As a longtime LEGO space builder, I found I was ready for a bit of a change. After years of building Star Wars and video-game inspired spaceships, I wanted to try my hand at building a spaceship that is, paradoxically, a little more down to earth. Rather than ships bristling with big guns or outfitted with wings, I decided to take my visual cues from movies like Interstellar, The Martian, and of course, NASA’s own designs. Several years ago I built the space shuttle launch system for the theme, and since then I’ve been working on a couple of spacecraft. I’ve displayed them at a number of conventions, but over the holidays this year, I finally polished them up and photographed them. The first ship I built was the Vanguard, part of the fictional Interplanetary Expedition Alliance, mankind’s first attempt at visiting nearby planets and their orbiting bodies.

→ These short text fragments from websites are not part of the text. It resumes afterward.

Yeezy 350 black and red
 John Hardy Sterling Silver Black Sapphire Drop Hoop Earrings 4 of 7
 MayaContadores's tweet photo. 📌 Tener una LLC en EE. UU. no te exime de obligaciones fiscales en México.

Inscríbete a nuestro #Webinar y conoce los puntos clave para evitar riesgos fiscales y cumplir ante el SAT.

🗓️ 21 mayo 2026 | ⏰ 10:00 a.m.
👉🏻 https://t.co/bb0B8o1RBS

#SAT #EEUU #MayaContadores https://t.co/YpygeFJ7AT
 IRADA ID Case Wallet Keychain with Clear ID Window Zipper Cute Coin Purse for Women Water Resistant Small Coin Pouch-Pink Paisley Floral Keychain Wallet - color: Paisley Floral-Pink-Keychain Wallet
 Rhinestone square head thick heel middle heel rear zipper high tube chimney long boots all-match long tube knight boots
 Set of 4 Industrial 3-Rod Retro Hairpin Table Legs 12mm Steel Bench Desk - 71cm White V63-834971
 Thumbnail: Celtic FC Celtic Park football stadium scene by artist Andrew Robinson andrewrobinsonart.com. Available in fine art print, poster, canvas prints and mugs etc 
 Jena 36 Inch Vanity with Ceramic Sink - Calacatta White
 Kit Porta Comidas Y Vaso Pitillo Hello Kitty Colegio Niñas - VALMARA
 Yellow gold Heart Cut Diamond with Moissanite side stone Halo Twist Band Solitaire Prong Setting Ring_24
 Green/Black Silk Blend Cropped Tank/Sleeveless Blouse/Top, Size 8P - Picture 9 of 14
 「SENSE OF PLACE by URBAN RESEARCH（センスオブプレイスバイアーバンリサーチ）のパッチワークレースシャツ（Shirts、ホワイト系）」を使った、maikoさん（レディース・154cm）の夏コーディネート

I built it as a series of discrete modules, and then strung the modules together to create the larger spacecraft. I like this technique because it lets me play with small structures of a few dozen elements at a time, which also results in a look similar to the real International Space Station’s modular design.
This also allows me to try out a lot of unusual elements, such as the Ninjago spinner for the micro-asteroid shield on the ship’s front. If you’re familiar with the Ninjago spinners, you may be wondering how I got it to stay in place, since they’re filled with a cast-iron weight. But some Ninjago spinners have screws, so I was able to disassemble the spinner and remove the weight without damaging the pieces (sadly, later spinners are riveted).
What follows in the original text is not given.